**Data excerpts**:

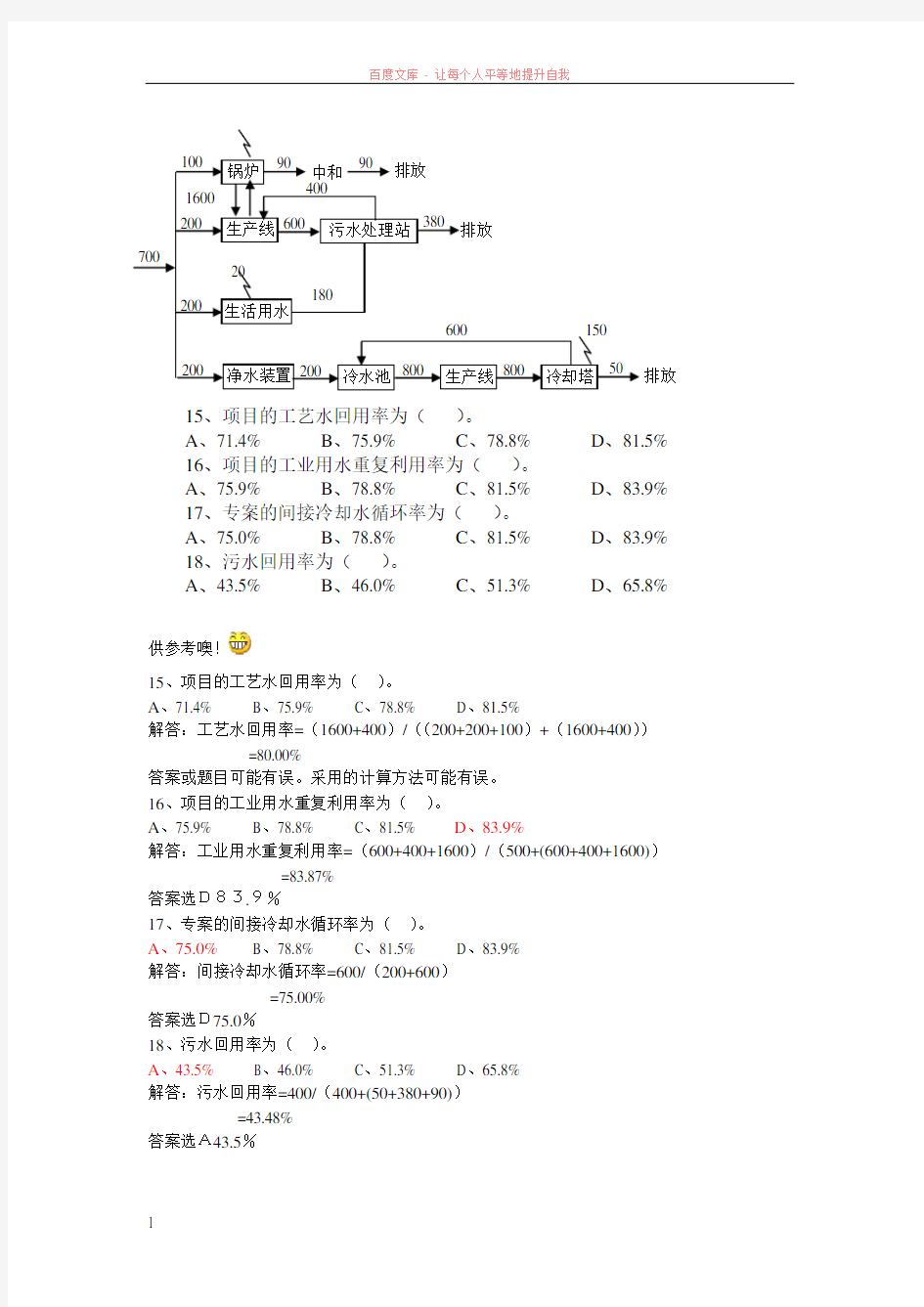 几个水循环率计算讨论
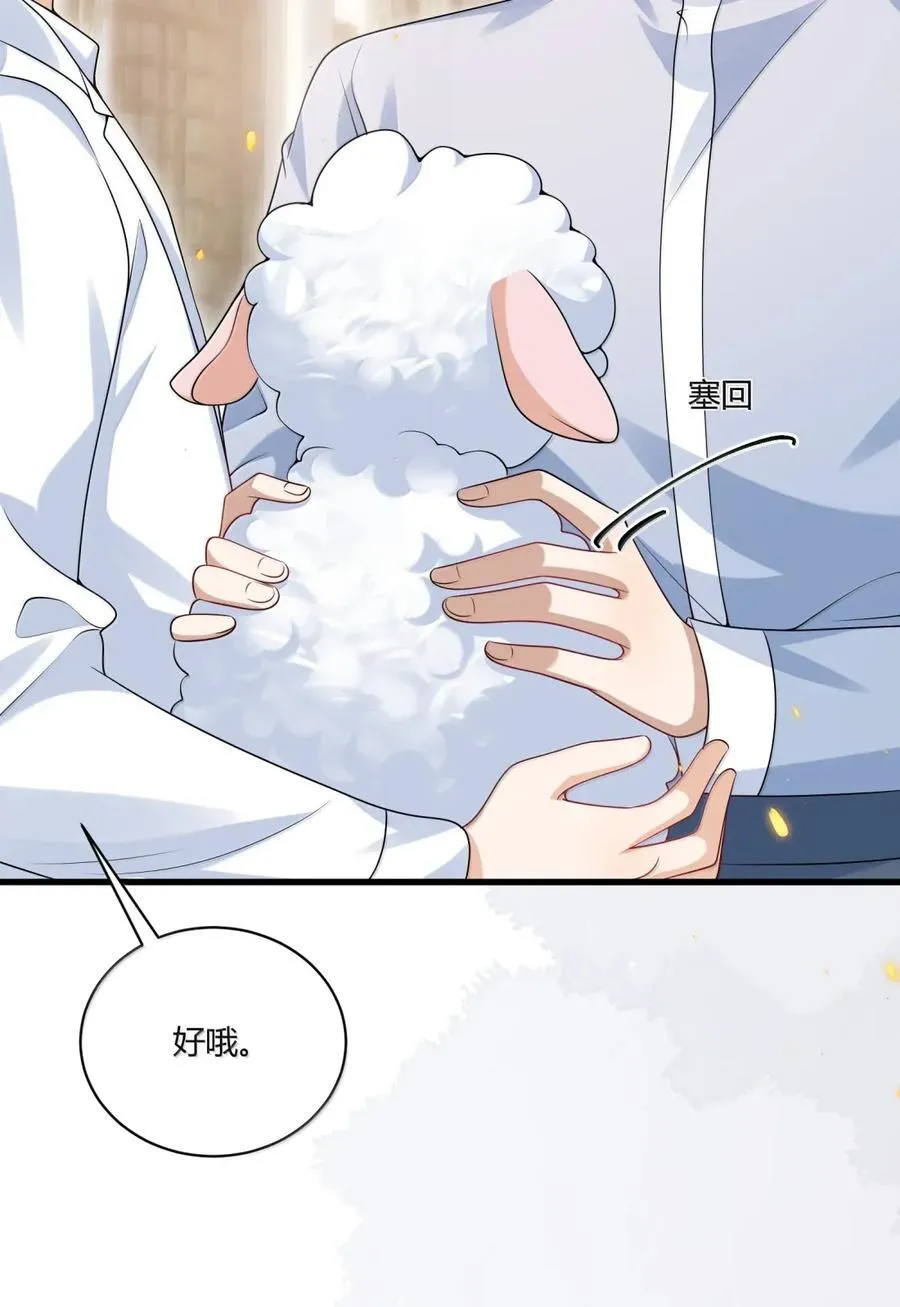 138 番外篇07这么纯情吗 第41页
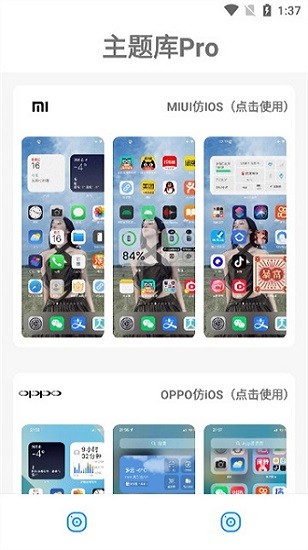 免费主题软件推荐图4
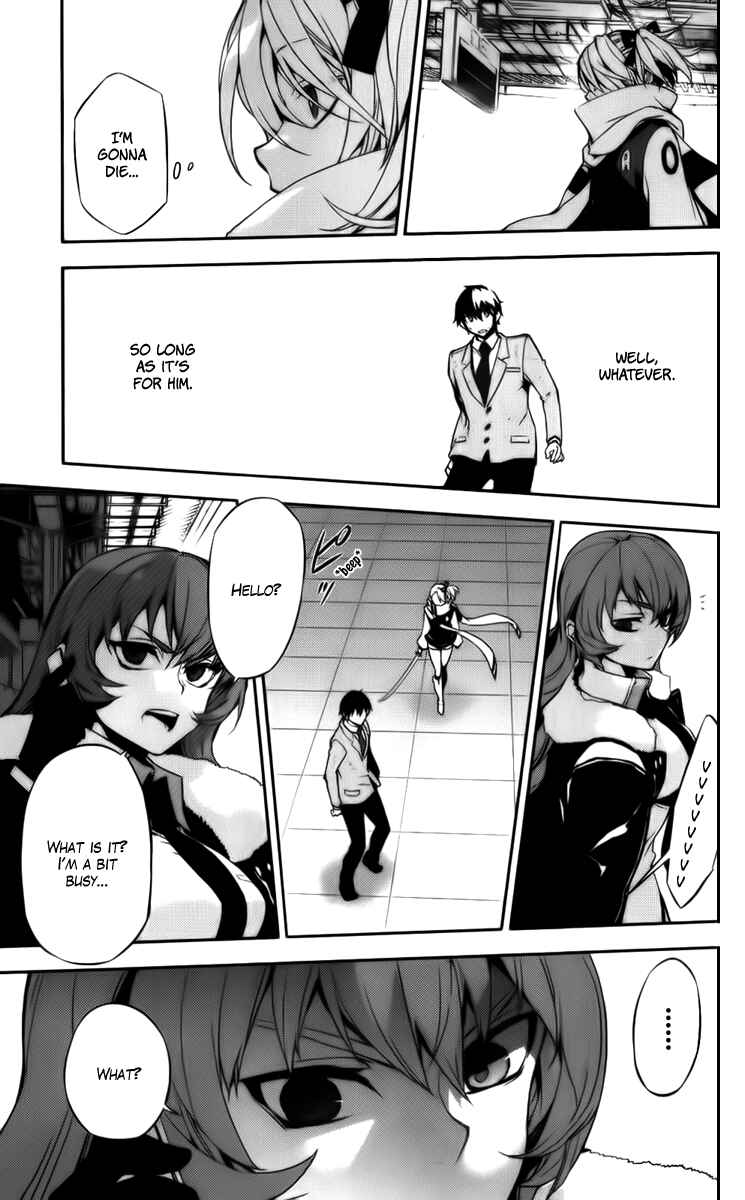 Page 16 Chapter 49 Kure-nai
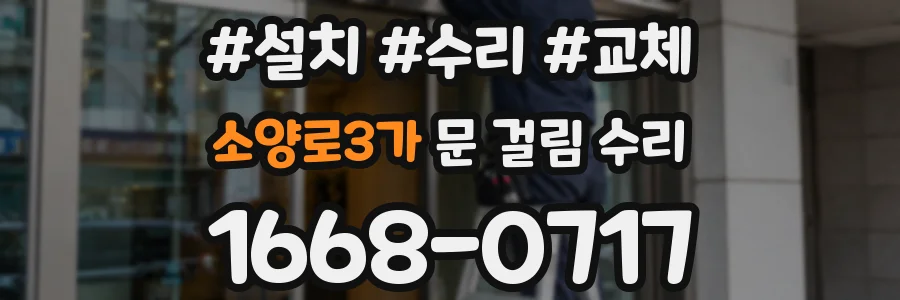 소양로3가 문 걸림 수리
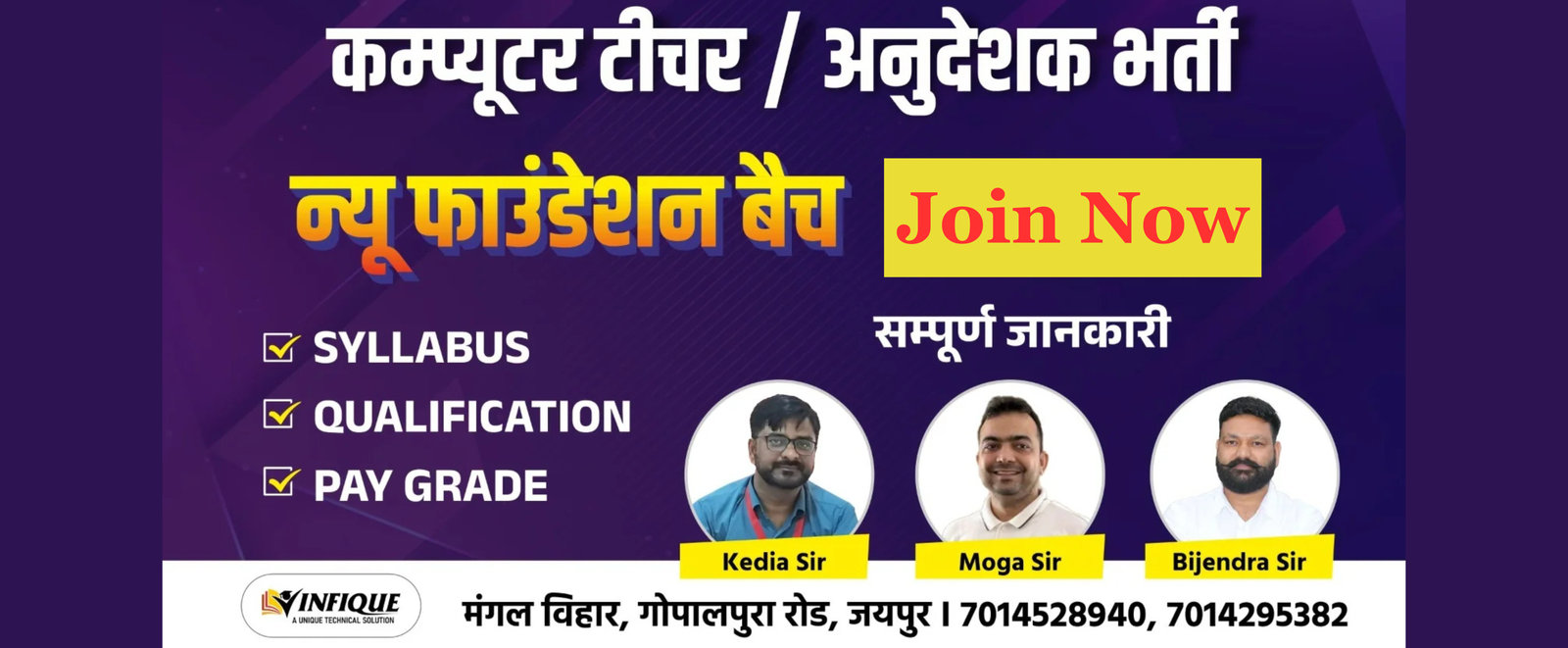 Best RPSC Programmer coaching in Jaipur. Infique Classes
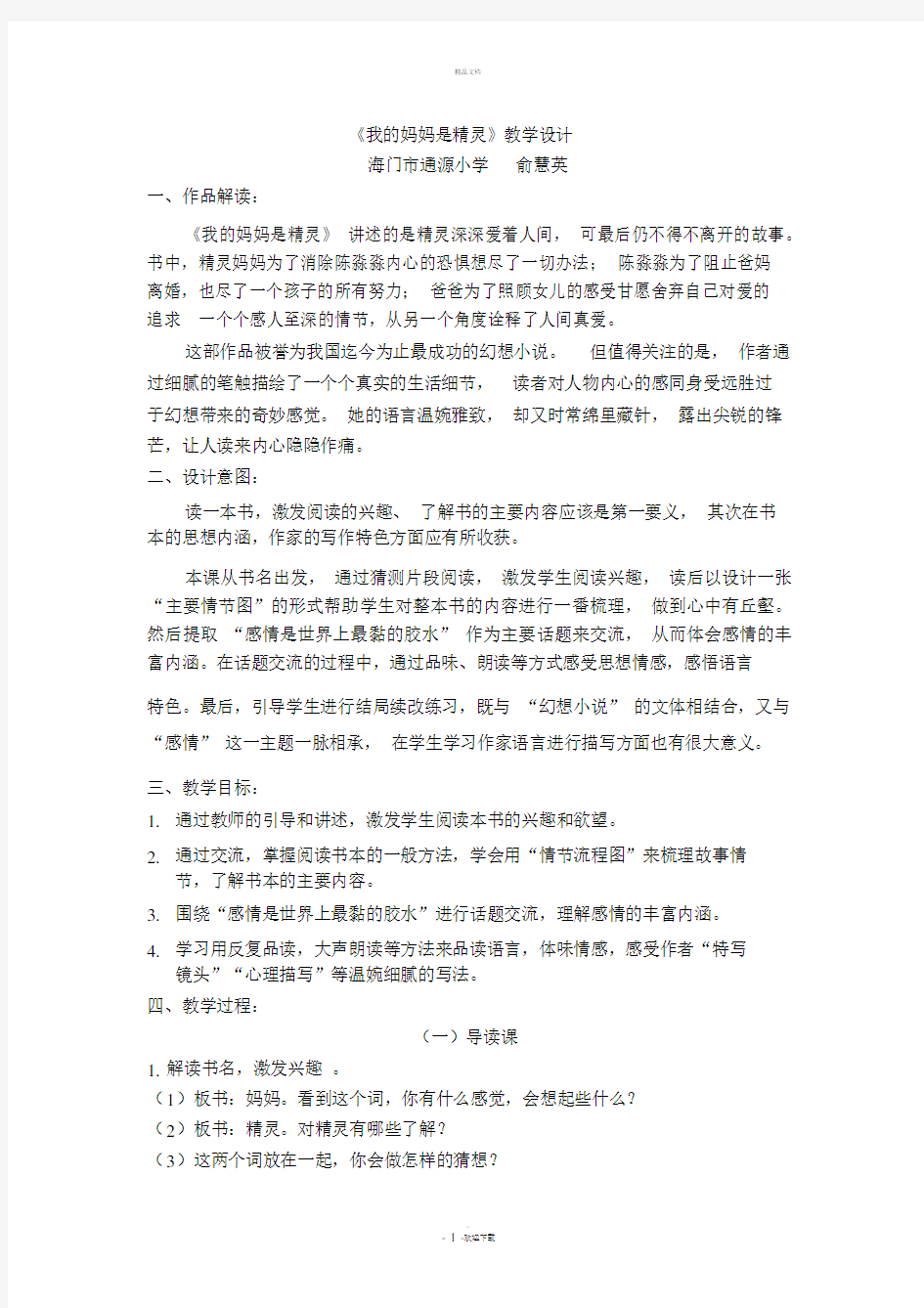 《我的妈妈是精灵》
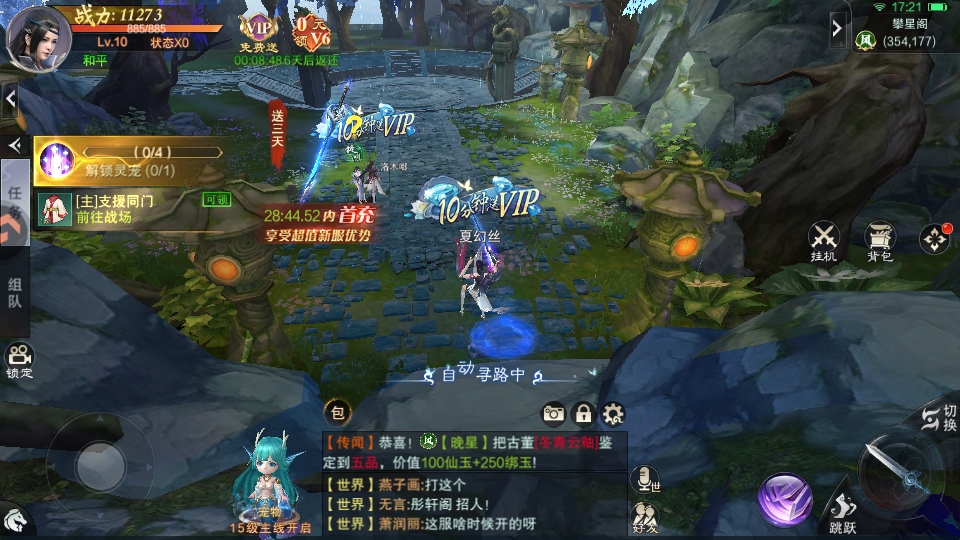 ������������ 1.0.0��׿���ͼ3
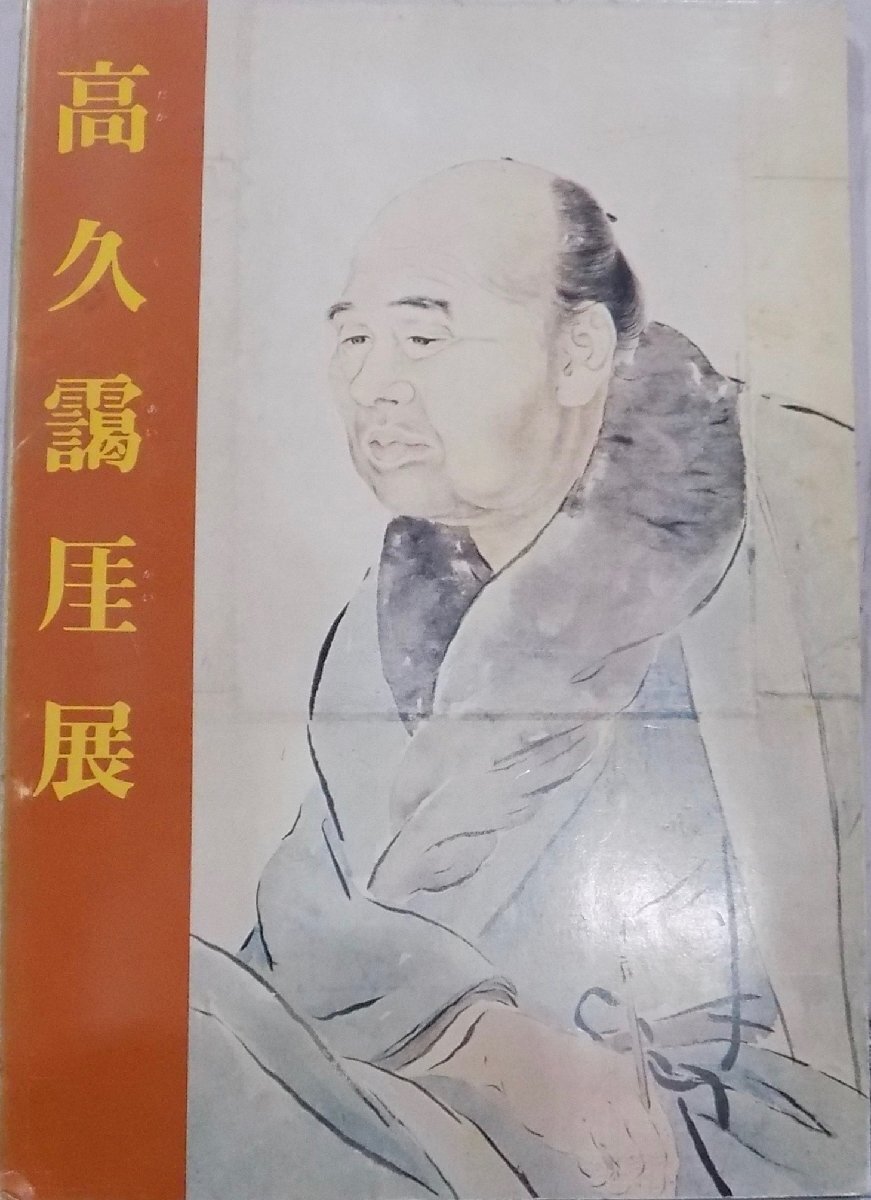 展覧会図録／「高久靄〓展」／南画の理想を追い求めた野州人の心／昭和50年／栃木県立美術館発行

**Aim of the task**: Lines from the one containing "Best RPSC Programmer" through the end of the material above must be reproduced exactly; pictures must not be.

**Solution to this exercise**:
 Best RPSC Programmer coaching in Jaipur. Infique Classes
 《我的妈妈是精灵》
 ������������ 1.0.0��׿���ͼ3
 展覧会図録／「高久靄〓展」／南画の理想を追い求めた野州人の心／昭和50年／栃木県立美術館発行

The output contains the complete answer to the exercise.